Researchers at KAIST's School of Electrical Engineering, led by Professor Yoo Chang-dong, have developed VOTP (Video Optimal TransPort), a breakthrough physical AI learning technology that extracts human-intended evaluation criteria from a limited number of video examples. The research has been selected as a major presentation paper for ICML 2026 (International Conference on Machine Learning).
VOTP addresses a fundamental bottleneck in Physical AI: the design of precise reward functions that determine the success or safety of physical actions. Traditionally, this requires extensive manual engineering or constant human feedback. VOTP automates the process by analyzing high-level behavioral patterns in both 'good' and 'bad' example videos, then deriving criteria that can be applied to novel, unscored actions.
The framework works across diverse hardware interfaces including humanoid robots, surgical robotic arms, and autonomous navigation systems in smart factories.

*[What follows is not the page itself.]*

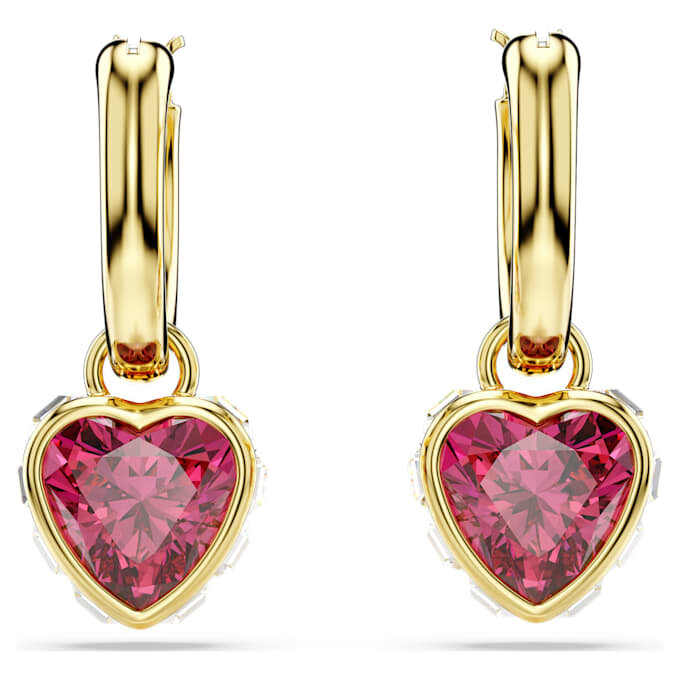 Chroma Drop Earrings Heart, Red, Gold-Tone Plated Chroma Drop Earrings Heart, Red, Gold-Tone Plated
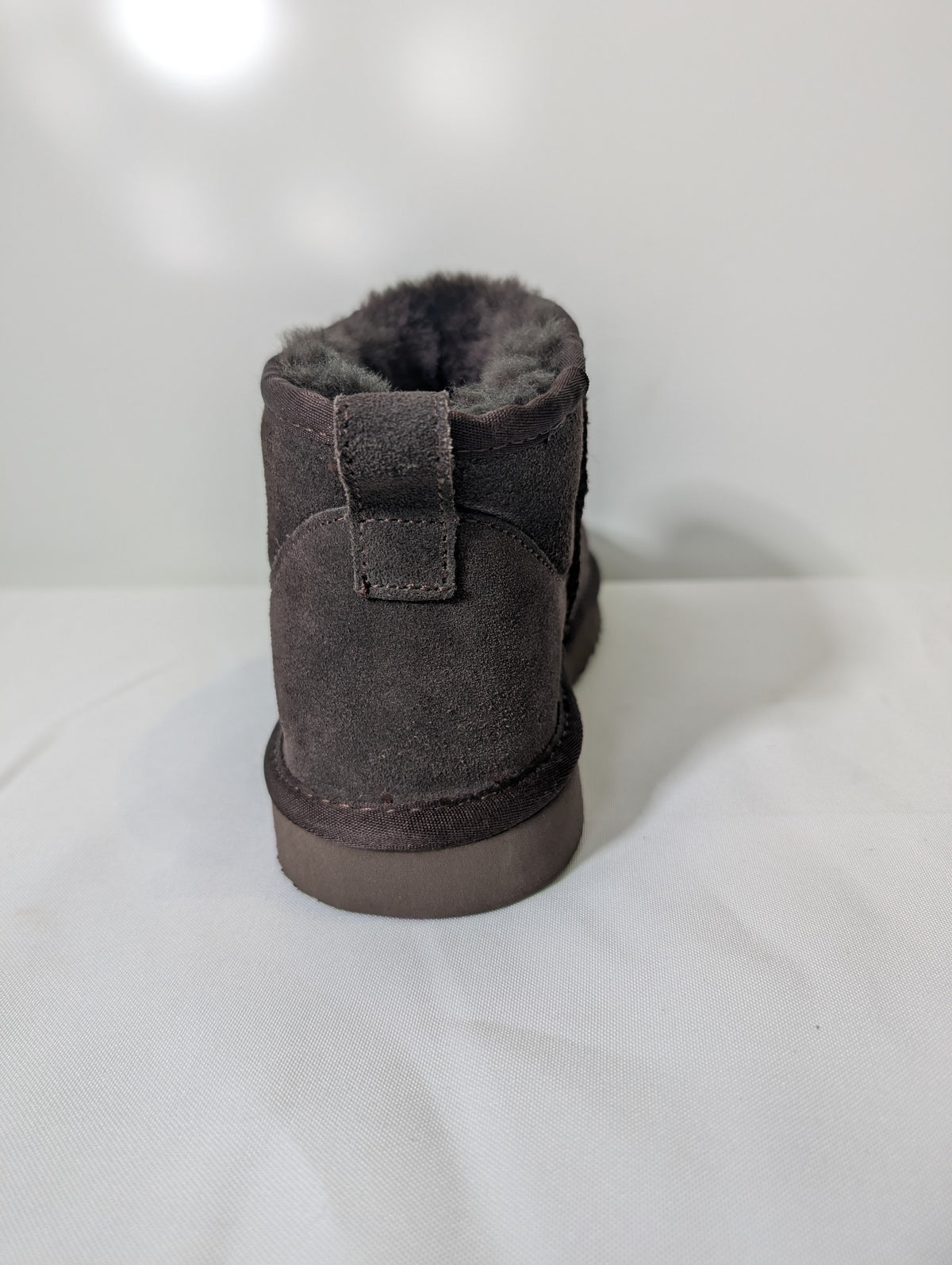 Hush Ankle Boots Grey Suede-Effect Faux Fur Lined - Image 3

By learning human intentions from minimal visual data, VOTP significantly reduces the training overhead for complex robotic tasks, enabling machines to align their movements with human preferences without exhaustive supervised learning datasets.
This advancement comes as the AI industry shifts from generative models toward physical agents that interact with the real world, where efficient, intention-aligned machine learning serves as a core mechanism for deploying autonomous systems in unpredictable environments.